Graduate Elizabeth Recktenwald read a poem she composed for graduation, which described the challenges of the past year during the pandemic. COVID has “added value to our time together and it has made a bond between us that is more tightly tethered.”
The Class of 2021 graduates were then called to the stage to receive their diplomas from Principal Tammy Newcomb, along with Assistant Principals Marcee Cook and Travis Anderson, Dean of Students Phillip Martin, and members of the Guidance Department.

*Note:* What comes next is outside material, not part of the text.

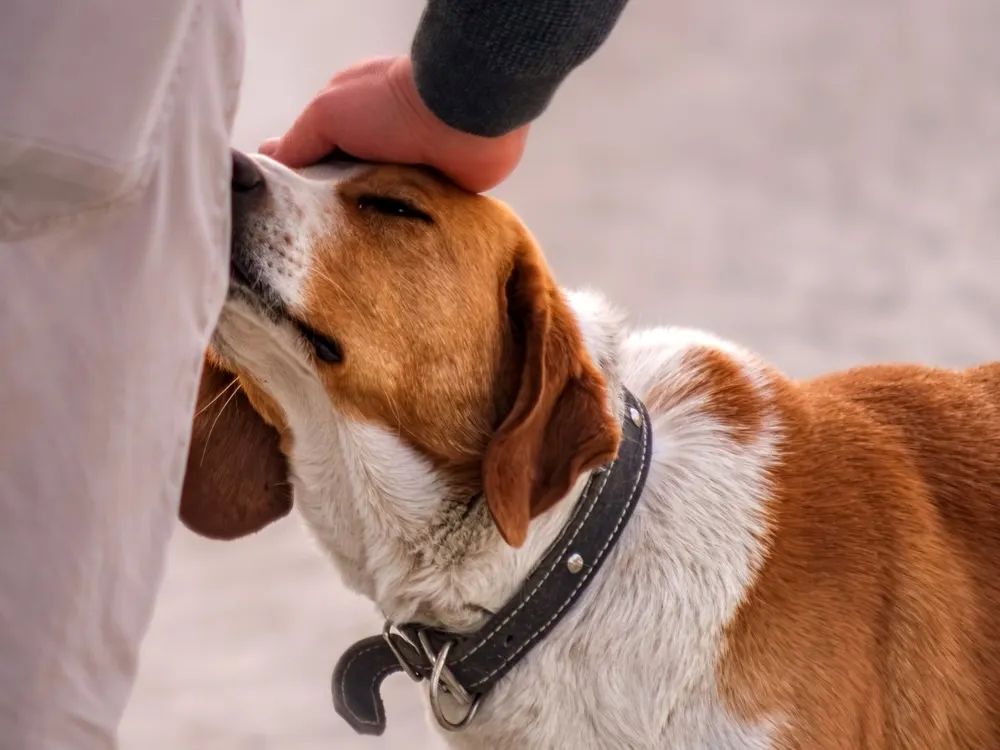 Dog receiving affection while nuzzling its owner’s leg.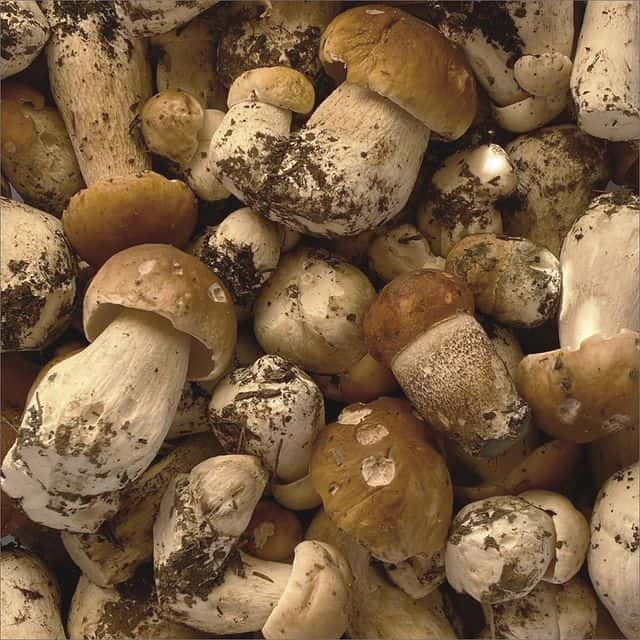Can dogs eat Porcini Mushroom?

The 45 valedictorians led the way: Urunna Anyanwu, Keaton Band, Amna Becirevic, Christopher Blankenship, Sarah Butterworth, Tyler Buxton, Erin Courtemanche, Grayce Dantzler, Olivia Darnell, Taylor Dawson, Kinsey Dollberg, Caroline Dullaghan, Catherine Dullaghan, Elizabeth Fedor, Isaac Fix, Preston Fleitz, Ellen Frary, Andrea Gonzalez, Cade Hanson, Hunter Harris, Dylan Hatfield, Hanna Howell, William Howell, Adithya Iyer, Brooke Johnston, Bayla Kessler, Autumn Krebs, Athena Liao, Kasey McKee, Natalie Mullins, Mathew Pampley, Faith Parrish, Dillon Peters, Michelle Price, Hailey Ramsey, Elizabeth Recktenwald, Emma Roberts, Charlotte Rose, Joseph Sandzimier, Annie Stevens, Emily Summey, Erin Taylor, Mya Travis, Reagan Tuck, and D’aja Williams.
Roanoke County Schools Superintendent Dr. Ken Nicely, Vinton’s School Board representative Tim Greenway, and Hollins’ School Board member David Linden waited at the bottom of the steps to congratulate each graduate. (Dr. Nicely shook the hands of about 1,100 Roanoke County graduates at ceremonies for all five high schools.)